Tuesday, 25 March 2008
Nanning, 21:02, 25/03/2008
Having made more than my fair share of acquaintances for the five days I was stopping in Hong Kong for, I left them to seek Chinese land again. This time, I was determined to get from Kowloon (Hong Kong) to Nanning in the mainland. This involves again taking the train from East Tsim Sha Tsui Station to Lo Wu, crossing into Shenzhen (mainland China) by foot, then finding a train from Shenzhen to Guangzhou, then an overnight sleeper train to Nanning. Most of it went well until the last part, the next sleeper train wasn't until the following day (it was roughly 4pm at the time), this was contrary to the 16;57 and 17:10 train departures I'd read about online. Unabashed, I set out to find an English-speaking representative at the train station who spent a good fifteen minutes working out what I wanted to do and writing down in no uncertain terms what I had to do and in both English and Chinese, success! So, I took the Metro from GuangzhouDong (Guangzhou East Railway Station), and thirty minutes and one change later I arrived in Guangzhou Railway Station. The difference? Quite a few miles and a better long-distance network. Here I found a bus station of sorts, well, more like a place selling tickets, of which I bought one for Nanning an hour later at 18:00 for RMB190 (£16) and settled for the only hot food around, McDonalds.
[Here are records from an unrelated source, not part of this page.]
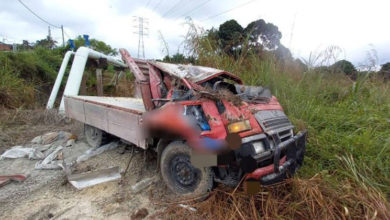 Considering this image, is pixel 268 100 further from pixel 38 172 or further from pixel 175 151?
pixel 38 172

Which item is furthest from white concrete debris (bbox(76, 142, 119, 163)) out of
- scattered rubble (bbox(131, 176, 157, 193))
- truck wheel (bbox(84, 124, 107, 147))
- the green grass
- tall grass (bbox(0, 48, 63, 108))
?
tall grass (bbox(0, 48, 63, 108))

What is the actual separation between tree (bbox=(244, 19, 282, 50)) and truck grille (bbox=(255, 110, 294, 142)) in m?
2.86

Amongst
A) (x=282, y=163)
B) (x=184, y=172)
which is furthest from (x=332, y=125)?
(x=184, y=172)

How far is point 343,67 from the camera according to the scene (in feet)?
14.0

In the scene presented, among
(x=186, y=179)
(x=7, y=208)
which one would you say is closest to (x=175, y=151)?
(x=186, y=179)

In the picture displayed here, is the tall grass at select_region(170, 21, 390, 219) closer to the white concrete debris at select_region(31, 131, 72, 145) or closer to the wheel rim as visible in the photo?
the wheel rim

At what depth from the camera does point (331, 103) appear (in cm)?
399

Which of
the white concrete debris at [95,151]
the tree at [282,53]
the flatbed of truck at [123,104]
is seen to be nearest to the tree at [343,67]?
the tree at [282,53]

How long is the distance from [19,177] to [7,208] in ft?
2.23

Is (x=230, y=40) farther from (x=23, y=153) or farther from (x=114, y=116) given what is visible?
(x=23, y=153)

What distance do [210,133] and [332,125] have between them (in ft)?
7.68

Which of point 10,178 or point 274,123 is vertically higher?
point 274,123

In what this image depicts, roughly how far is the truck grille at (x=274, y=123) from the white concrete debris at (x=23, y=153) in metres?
3.79

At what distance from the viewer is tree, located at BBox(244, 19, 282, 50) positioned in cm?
483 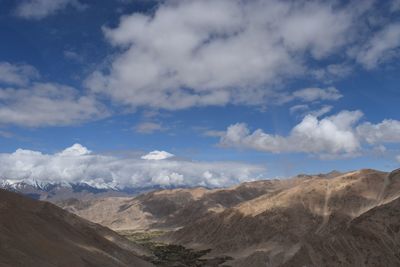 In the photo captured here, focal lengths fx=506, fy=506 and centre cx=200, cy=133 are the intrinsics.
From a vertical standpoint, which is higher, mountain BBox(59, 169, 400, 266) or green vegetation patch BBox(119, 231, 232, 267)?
mountain BBox(59, 169, 400, 266)

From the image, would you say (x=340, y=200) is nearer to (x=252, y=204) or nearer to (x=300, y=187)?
(x=300, y=187)

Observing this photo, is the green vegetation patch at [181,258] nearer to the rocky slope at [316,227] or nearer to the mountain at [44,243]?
the rocky slope at [316,227]

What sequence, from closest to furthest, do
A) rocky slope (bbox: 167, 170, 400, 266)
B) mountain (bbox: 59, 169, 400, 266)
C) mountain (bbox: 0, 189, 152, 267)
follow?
mountain (bbox: 0, 189, 152, 267), mountain (bbox: 59, 169, 400, 266), rocky slope (bbox: 167, 170, 400, 266)

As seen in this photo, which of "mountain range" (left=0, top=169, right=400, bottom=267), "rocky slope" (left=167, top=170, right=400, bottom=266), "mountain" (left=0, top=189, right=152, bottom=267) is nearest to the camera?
"mountain" (left=0, top=189, right=152, bottom=267)

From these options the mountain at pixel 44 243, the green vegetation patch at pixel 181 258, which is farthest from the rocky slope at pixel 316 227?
the mountain at pixel 44 243

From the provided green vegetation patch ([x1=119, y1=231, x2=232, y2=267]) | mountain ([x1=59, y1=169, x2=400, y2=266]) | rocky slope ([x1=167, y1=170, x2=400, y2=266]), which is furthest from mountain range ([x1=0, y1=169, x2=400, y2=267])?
green vegetation patch ([x1=119, y1=231, x2=232, y2=267])

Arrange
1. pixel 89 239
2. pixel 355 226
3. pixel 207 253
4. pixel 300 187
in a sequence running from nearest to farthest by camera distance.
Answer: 1. pixel 89 239
2. pixel 355 226
3. pixel 207 253
4. pixel 300 187

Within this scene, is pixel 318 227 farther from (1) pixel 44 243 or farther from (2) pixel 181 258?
(1) pixel 44 243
Coming up with about twenty minutes until departure, I tried finding the bus stop, which I presumed would be where all the other buses were, underneath the first floor ticket booths. Of course, my presumption wasn't correct. As I found out due to broken English and more tin-ba-dongs, it was ten minutes up the road in the back of a mall. I thankfully made the bus due to one of the people in the first bus station telling me to follow someone, which I did and all was well.